It was an early morning for Forsyth County’s commissioners.
The five elected officials touched on topics from the battle over Lanier Golf Course to an animal shelter and proposed jail expansion during a Republican Women of Forsyth County breakfast.
“I liked what I heard,” said Barbara Nalley, who attended the meeting with friends. “I’ve lived here my whole life and I agree it’s the best board [of commissioners] I’ve seen.”
Those who attended Saturday’s event appeared to agree with talk of a proposed 1-cent sales tax to fund a $100 million jail expansion and new courthouse downtown.
The remainder of the county’s $215 million share of the tax would go toward various transportation improvements, an animal shelter and other projects.
The city of Cumming, with which the county would share tax revenue, has a wish list of projects totaling about $33.6 million.
Commissioner Brian Tam said a referendum on the tax extension likely will be held in November, calling the need for a jail too important to delay.
The existing facility is small, old and crowded. With the county having to pay a premium to house prisoners in other facilities, Tam said something must be done.
“We spend about $2 million a year just farming them out,” he said. “It’s a very inefficient way and it’s a tremendous waste of taxpayer dollars.”
Tam also reassured those concerned the new jail would house inmates from other counties.
“We’re not getting into the jail-renting business,” he said.
Commissioner Patrick Bell said despite audience and constituent suggestions on location for a new jail, “I think the best location is where it’s at.”
“They’re not going to be industrial or institutional-style buildings,” Bell said. “We’re not building anything fancy, but they’re certainly not going to be anything that detracts from what a lot of people see as a quality downtown.”
One audience member asked if the November ballot would also contain a separate referendum on allowing stores in the county to sell alcohol on Sundays, sparking much conversation.
The commissioners appeared in favor of putting the issue before voters, but reluctant to do so in the fall.

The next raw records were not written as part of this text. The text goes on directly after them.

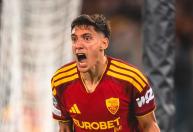 Campeão mundial marca, Roma goleia Slovan Bratislava e garante primeira vitória na Champions League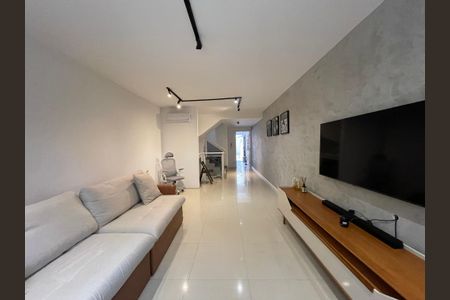 Sala de casa de condomínio à venda com 3 quartos, 170m² em Vila Antonio, São Paulo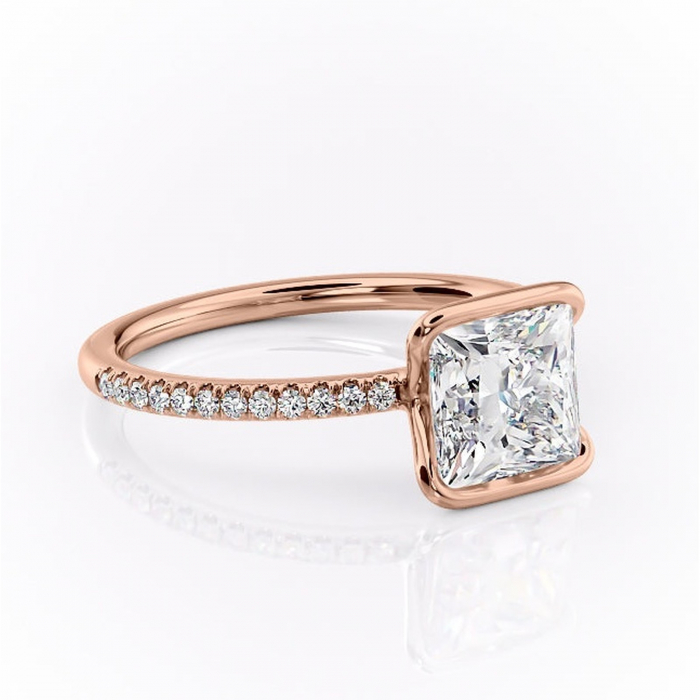 Inel de logodnă Maelis din aur Rose 14kt cu moissanite tăietură princess – Montură închisă rafinată pentru profil mediu | Personalizează și configurează gratuit online [1]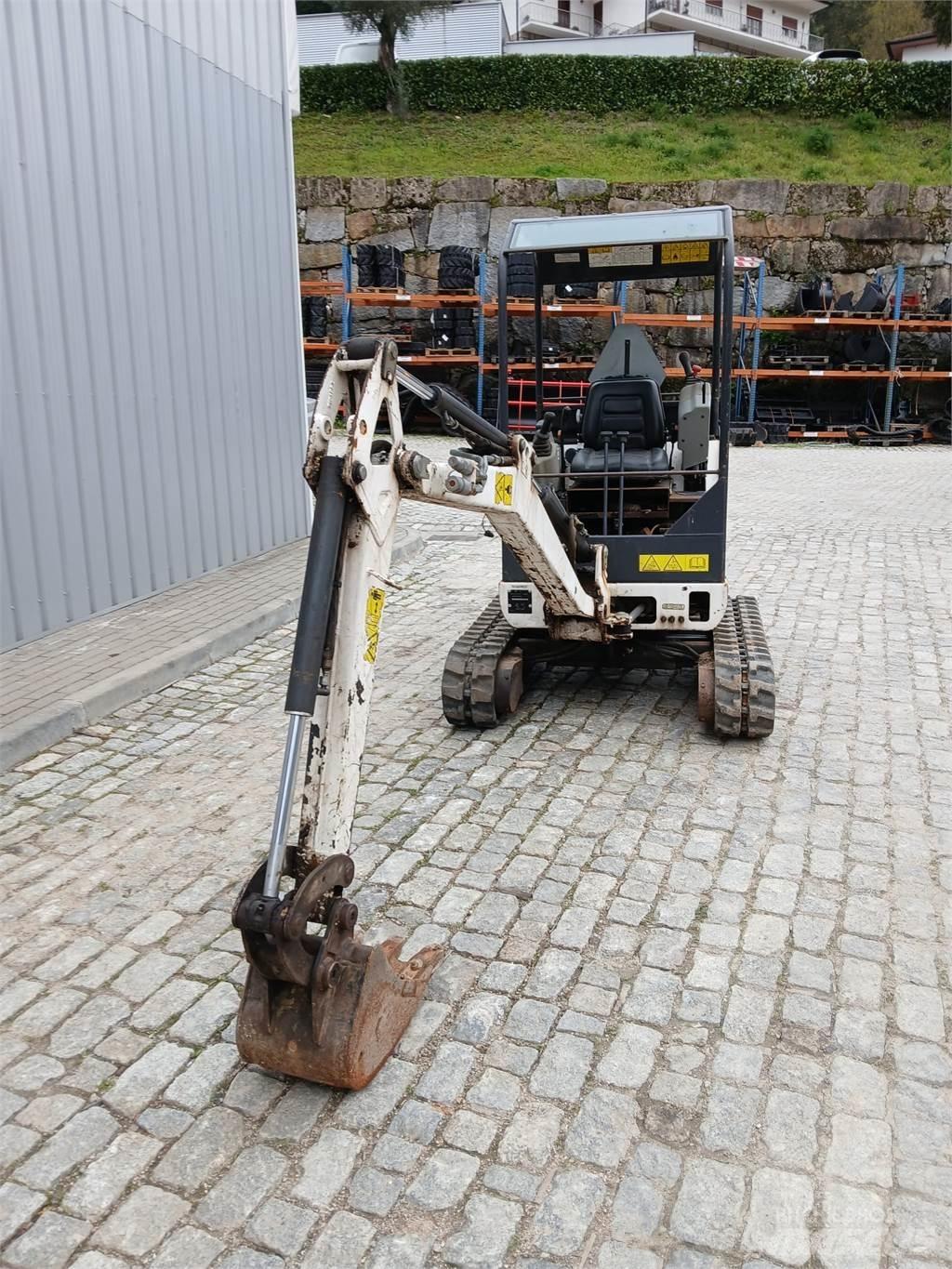 Bobcat 323 Mini rýpadla < 7t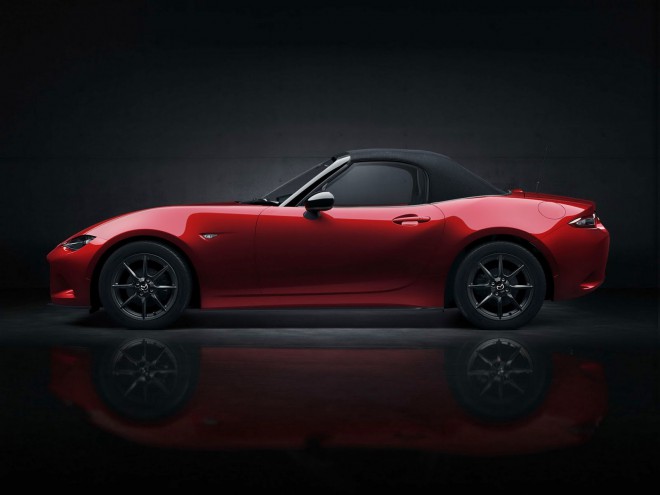 From the side, the new "miata" will be characterized by a roadster-like rear passenger cabin, a dynamic shoulder line and a movable roof, which can be canvas or steel (solid).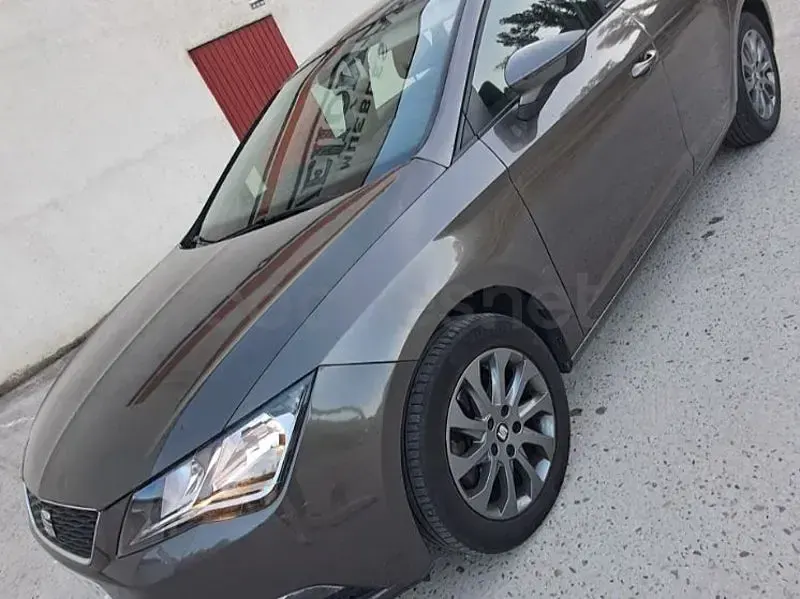 Usado Seat Leon Style 110 CV (80 kW) 2016 Gris / plata Berlina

Tam said it’s not off the table, just a matter maybe for the November 2012 election.
“We have more opportunities next year because it’s an election year,” he said.
But Commissioner Todd Levent said he didn’t want to lose out on possible revenue.
“If [people are] going to go outside the county and buy it, I’d rather keep the tax dollars here,” he said.
Levent took the lead on the issue of the county building and operating an animal shelter. It currently contracts for the service.
He fielded questions on why the projected cost had risen from $2 million to $2.9 million, saying the county needed to do things right the first time.
“What I have gathered … is there were multiple bids done at the time, done without any specifications, which is not typically done,” Levent said. “I visited different counties and how they did things and learn their mistakes.
“That money also includes all the cages and everything in there. The desks, everything you need to run the whole operation … it’s not just the shelter. It’s also got money in there for the animal control vehicles.”
Commissioner Jim Boff addressed the future of the Lanier Golf Course, thanking Tam for his help in working to resolve litigation that began in 2007.
The county is in the process of determining a court-ordered rezoning of the 172-acre site off Buford Dam Road. The new deadline, extended last week, is July 7.
The commission likely will vote to zone a 60- to 65-acre portion of the property to allow for a continuing care community.
In exchange, Boff said, the course owners are “willing to give up about 110 or  acres that will be used either as a golf course, if somebody can operate it as such, or it will be green space which the county will maintain.”
The deal is contingent upon the 128 neighboring homeowners signing an agreement to drop or not file suits against the developer, Tam said.
“We’re going to settle this four-year-old lawsuit soon,” said Commissioner Pete Amos.
Before the breakfast ended, Tam, the longest serving commissioner, said he’s pleased with the county’s outlook.
“We have a number of opportunities ahead of us and they take a unified front between [all governments],” Tam said. “I want to continue to strive toward stability in our government.”